Reputation: 4748
I have this text editor on a wordpress blog and I want to use HTML Purifier
to purify users' input before inserting into database. The text editor is an iframe so I get the content by using
document.getElementById("comments_comments").value=$("#textEditor").contents().find("body").html();
when users click on the submit button.
I follow the basic instruction from html purifier like this:
if (isset($_SESSION["user"]) && $_SESSION["user"] != "")
{
require_once '/path/to/HTMLPurifier.auto.php';
$config = HTMLPurifier_Config::createDefault();
$purifier = new HTMLPurifier($config);
$comments = $purifier->purify($_POST["comments"]);
$sql = $wpdb->prepare ("INSERT INTO mytable SET comments = %s",array($comments));
$wpdb->query($sql);
}
But the code doesn't have any effect at all. I was expecting the <script>
tags completely removed, but they are still stored in the database as & lt ;script & gt ; which I think is the work of the wpdb prepare statement.
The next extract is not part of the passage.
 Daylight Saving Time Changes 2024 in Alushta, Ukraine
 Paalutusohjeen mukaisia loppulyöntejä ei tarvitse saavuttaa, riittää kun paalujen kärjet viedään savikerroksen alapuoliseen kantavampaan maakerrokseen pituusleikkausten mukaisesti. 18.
Does the above configuration not work with $_POST
? Any help would be appreciated.
Upvotes: 0
Views: 597
Reputation: 17024
First make sure, you realy disallow this tag:
$config->set('HTML.ForbiddenElements', ['script']));
You talking about ending with this in the database:
& lt ;script & gt ;
Are you sure, you don't already use htmlspecialchars()
? Maybe with something like this?
foreach ($_POST as $key => $value) {
$_POST[$key] = htmlspecialchars($value)
}
I am 99,99 % sure, it has nothing to do with the database. If you would do var_dump($comment)
instead of inserting to a database, it would be the same.